Alternative Issue

個人的な思考実験の、更に下書き的な場所です。 自分自身で消化し切れていないことも書いています。 組織や職業上の立場を反映したものでは一切ありません。

電子書籍の次の展開を読む

徐々に広がりを見せている電子書籍であるが、先日はamazon社が日本の出版社に向けて提示した電子書籍サービス(キンドル)の契約内容が衝撃的なものとして報道されていた。(asahi.comhttp://www.asahi.com/culture/update/1107/TKY201111070686.html

あくまで個人的な意見として言わせて貰えば、目に優しくなったとは言え現時点ではまだ電子化されていない紙の本の方が現時点では読みやすく感じている。もっとも、技術的な進化はこうしたギャップを僅かの時間で埋めてしまうであろうとも思っている。
仮に、文庫本などよりもかなり安い価格で電子書籍が出回るとすれば、それは徐々に展開していき、あるとき一気に広がるのではないかと思う。

さて、今後飛躍的に電子書籍の発展があるとすれば、紙の書籍とは明らかに異なったメリットが加えられる必要がある。
この点について、素人ながら少し想像を広げてみたい。

まず、現時点では小説などが中心となっている電子書籍ではあるが、それは取り扱いが容易であるという面が先行しているように感じている。

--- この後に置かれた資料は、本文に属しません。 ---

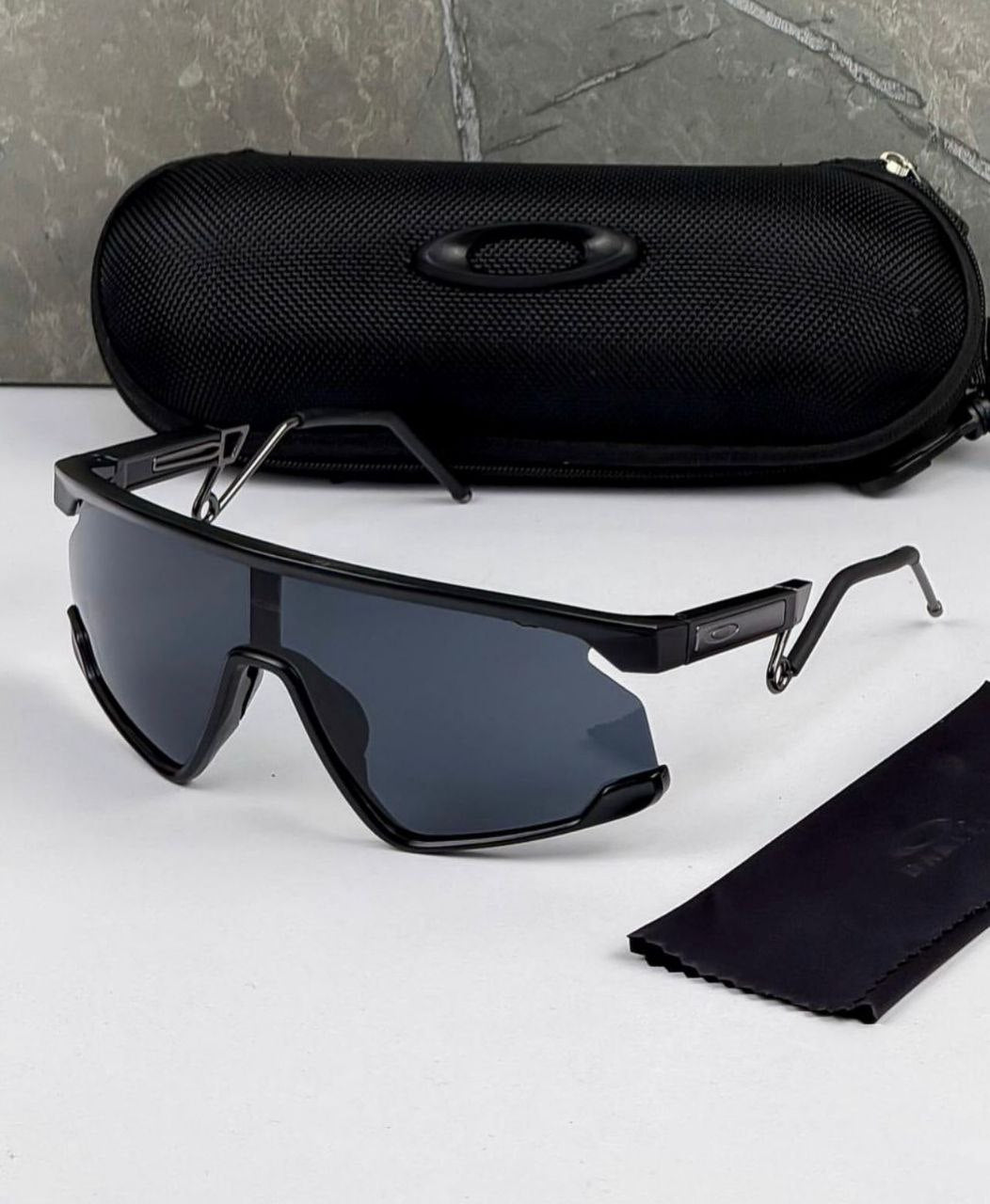 Oakley Shield Sport Sunglasses with Blue Prizm Lens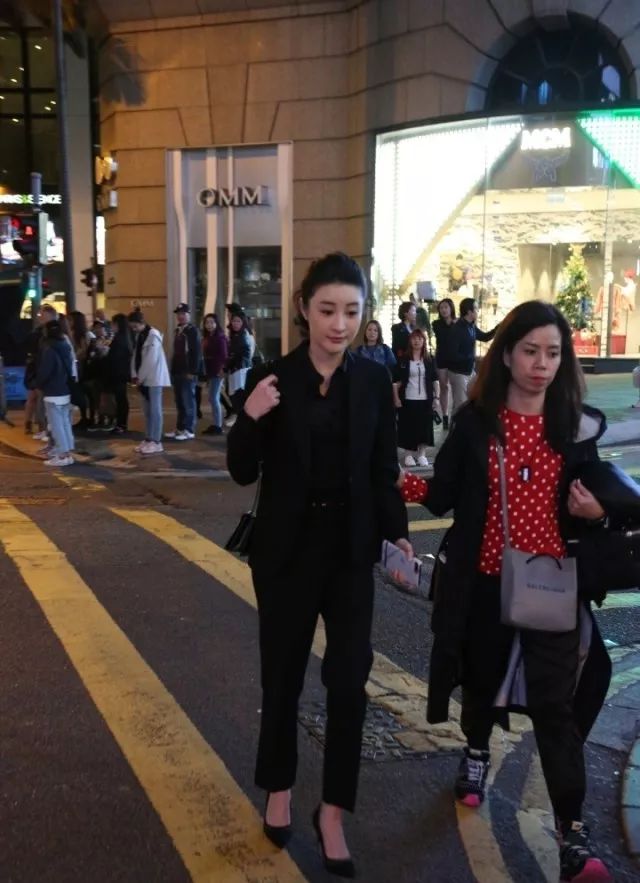 最近林夏薇在香港中环为tvb的剧集拍摄,只见她全身黑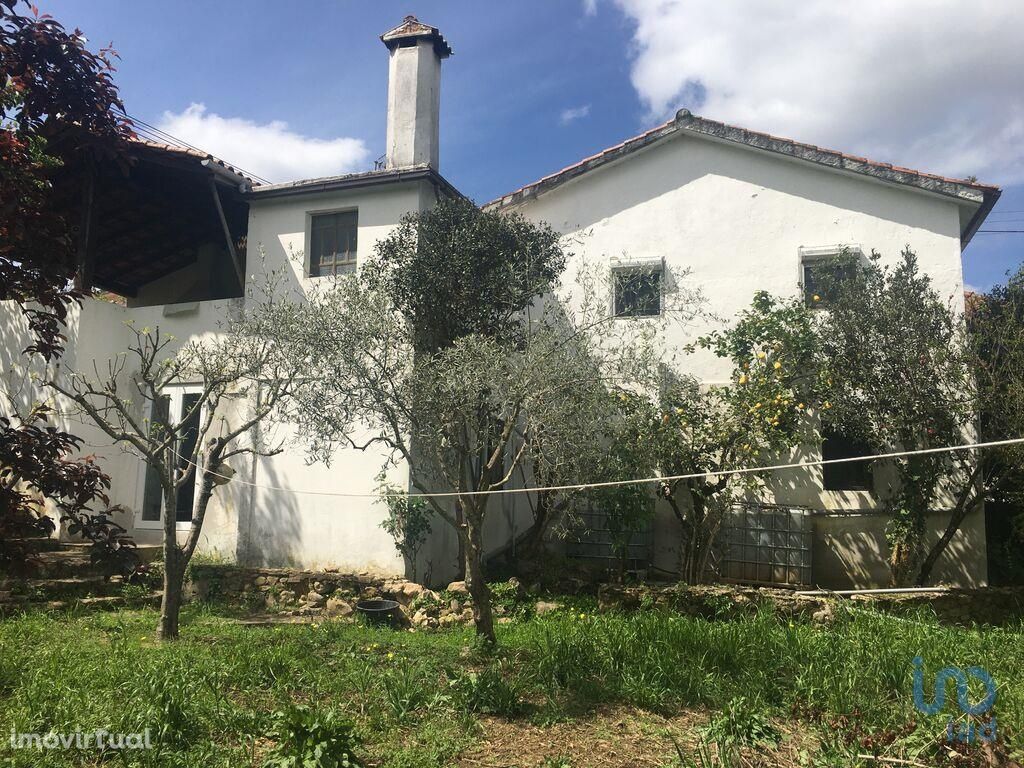 Casa T5 em Coimbra de 255,00 m2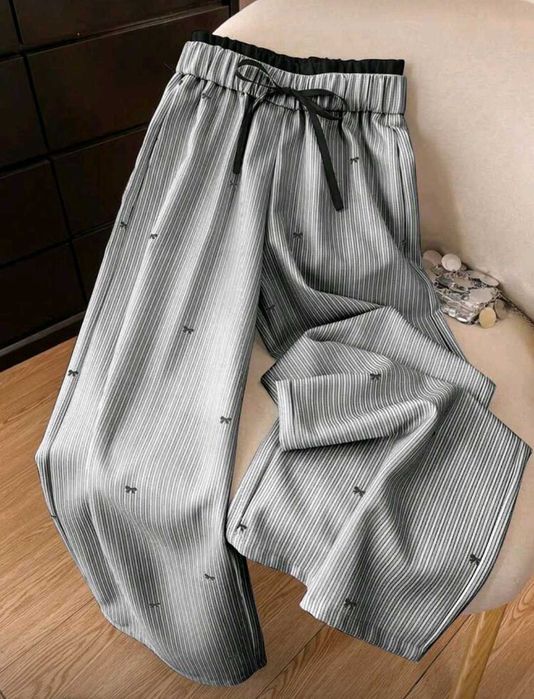 Штани вільного крою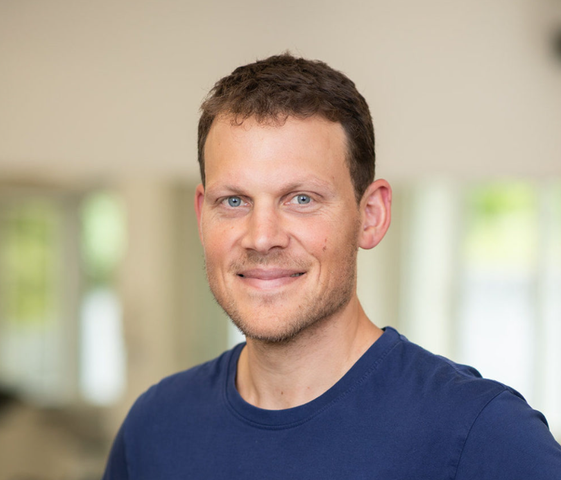 Profilbild von Adrian Engler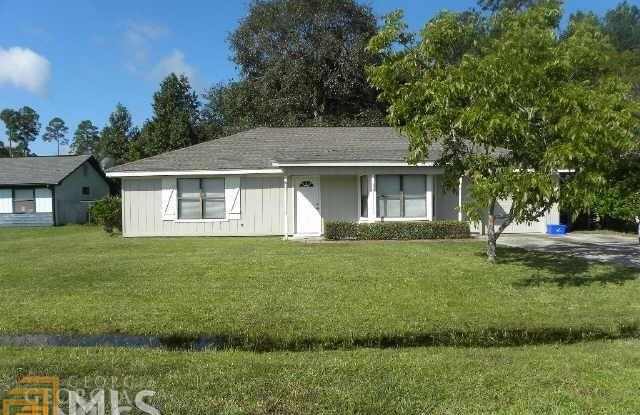 135 Fairfield Dr - 135 Fairfield Drive, St. Marys, GA 31558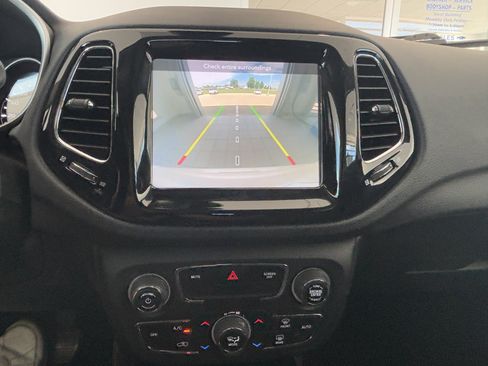 Used 2020 Jeep Compass Limited AWD/4WD image 17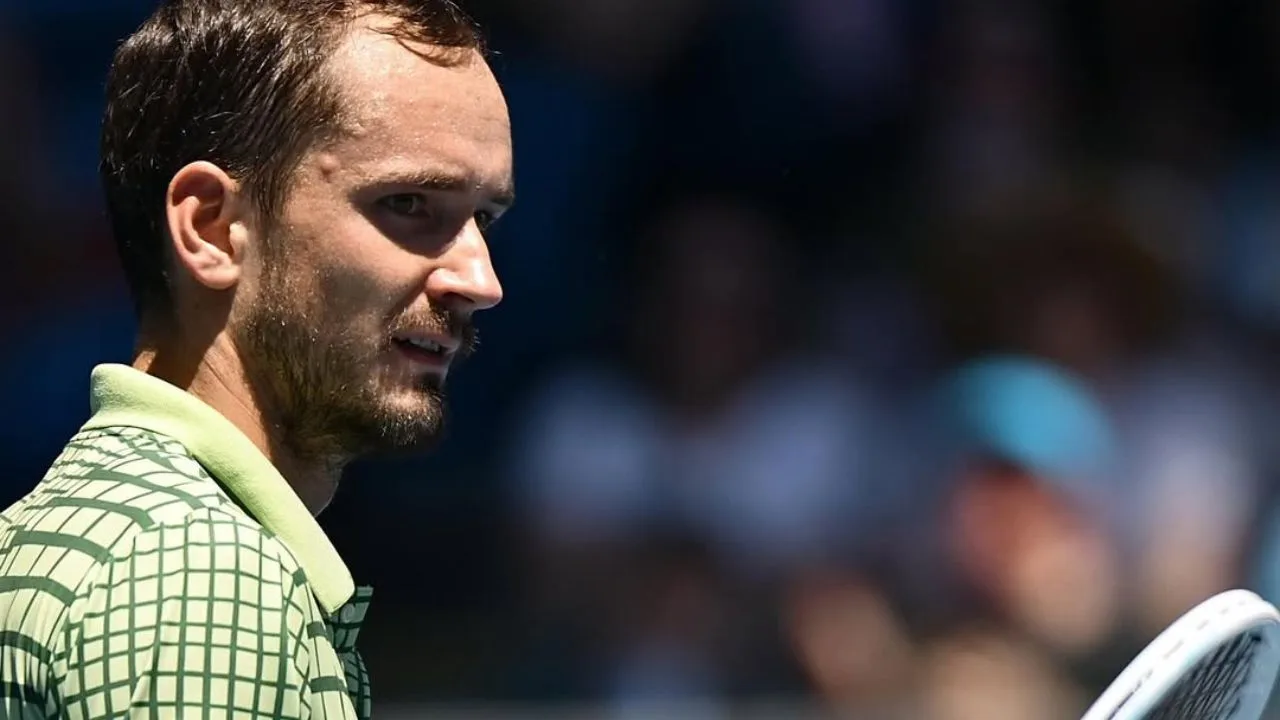 Bangkit dengan Keyakinan Baru, Daniil Medvedev Melenggang Ke Putaran 2 Australian Open 2026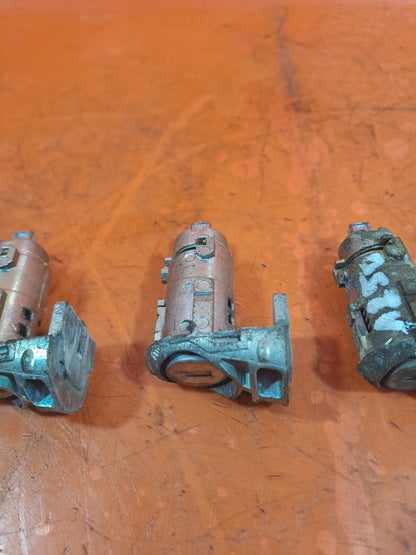 ✅RENAULT TRAFIC MK3 Sl27 1.6 DIESEL 2015 DOOR LOCK BARREL SET A250 - Image 5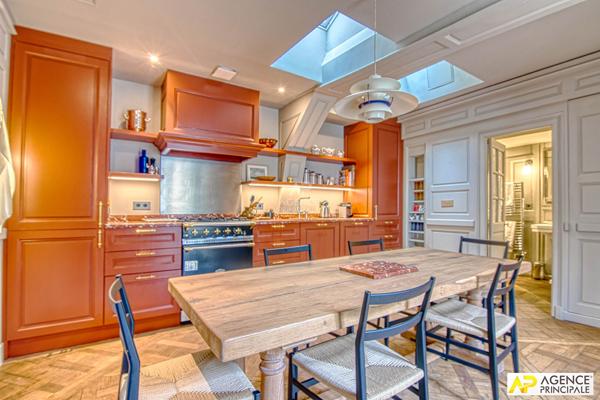"Versailles Saint Louis" Exceptionnel - Comme une suite d'hôtel - Somptueux appartement de 60.76m² ! Loyer 1 950 €/mois charges comprises **  - Référence  28464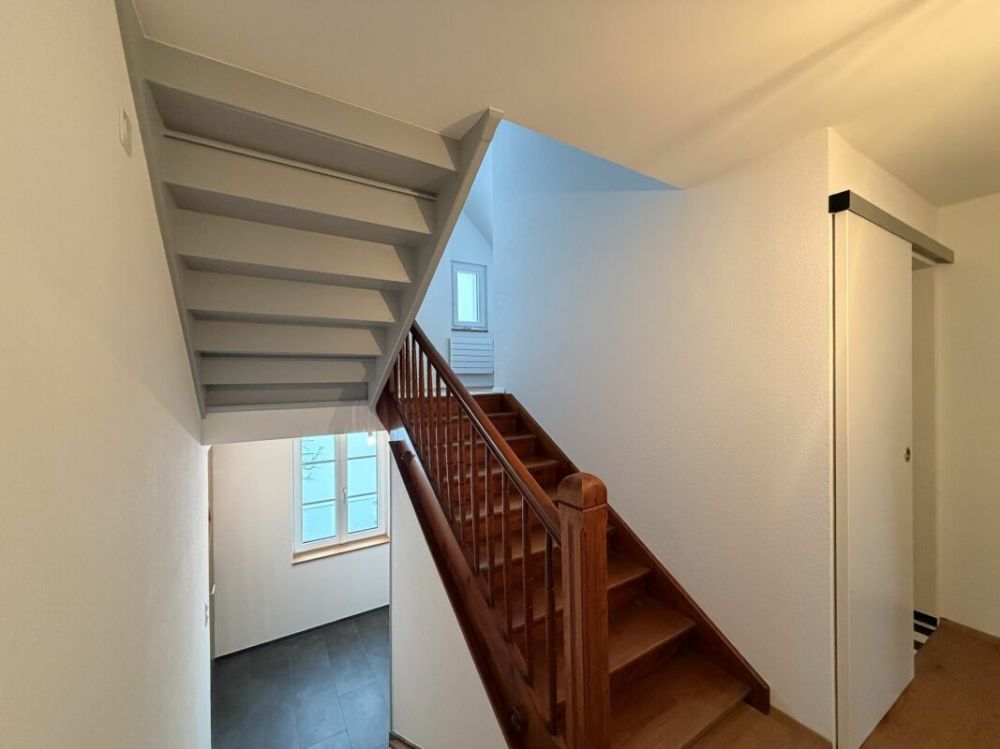 traumhaftes 5.5 Zimmer Einfamilienhaus an ruhiger Lage zu vermieten - Eingangsbereich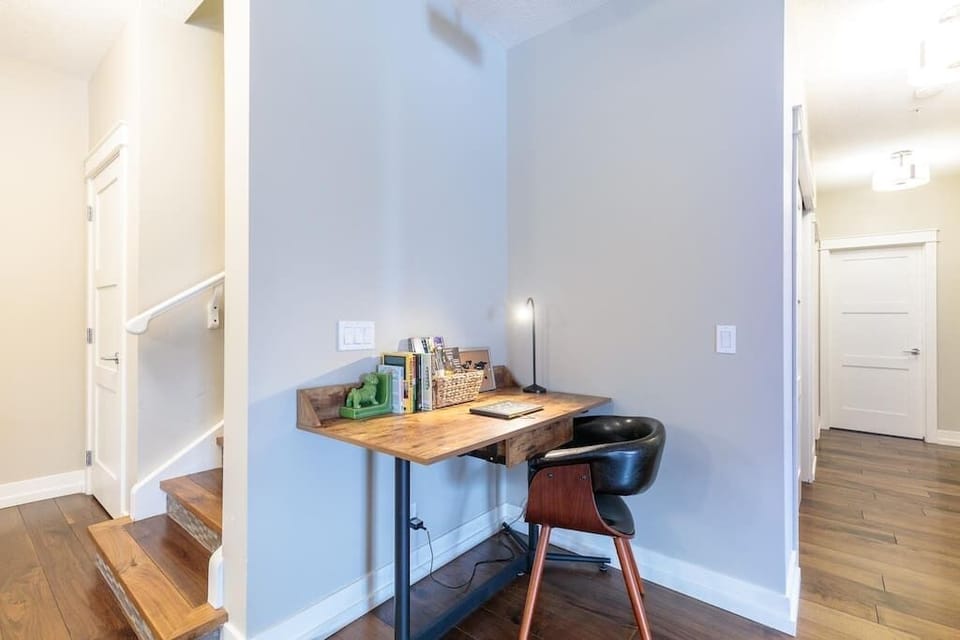 Comfortable work or study space in the main living area, that can easily be moved to a quieter room if you need privacy. High speed internet will ensure all your Zoom meetings run smoothly!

しかし、今後は小説だけではなく雑誌関係もどんどんと電子書籍化されて行くだろう。現状の白黒画面のキンドルでは不可能な話だが、アメリカでは既にカラー画面のキンドル・ファイアが発売されており、雑誌や音楽・映画まで見たり聞いたりすることができる。現時点では性能や使い勝手に問題があるようだが、今後も改良が為されれば日本でもその普及は時間の問題だろう。(Amamoba:http://www.amamoba.com/pc/amazon-jabook.html

なぜこんな話をするかと言えば、実のところ雑誌の電子書籍化は新たなビジネスを展開する上で非常に都合がよいのである。それは、広告との連動が絶大な効果を生むからに他ならない。
もちろん、雑誌とはいえど様々なジャンルのそれが存在する。論壇系もあれば、小説読み物系もあり、ファッション系もあれば、ミリタリー系もある。ただ、その系統の雑誌を購入する人には少なくともその専門に関する興味が高いのは間違いない。だとすれば、こうした雑誌と連動する形での広告提供はまさにピンスポットな効果を発揮する。

各雑誌もWEBサイトを有してはいるが、こちらでは収益モデルが明確にはなっていないため、記事などを掲載しすぎてはかえって実雑誌の売れ行きを下げてしまう危険性がある。しかし、電子書籍として販売すれば書籍としての収益を確保した上で広告とのダイレクトな連動を可能とできる。同時に、システム上の対応さえできれば広告を出す企業としても雑誌記事から直接自社のサイトへのリンクによる誘導が可能となり、様々な展開が可能となる。そもそも、最初から非常に高品質なデータが取得できると言うだけでも企業にとって意味があると思う。
さらに言えば、電子書籍のプラットフォームを提供する企業(上記の例で言えばamazonなど)は、ituneやiphoneのアプリの様に各雑誌社が書籍を提供することで定期的な利益を得ることも可能となる。そして、電子出版の容易性から各種タウン誌や地域情報紙なども提供ができるようになるだろう。このあたりは、プラットフォームの作り方次第であると思う。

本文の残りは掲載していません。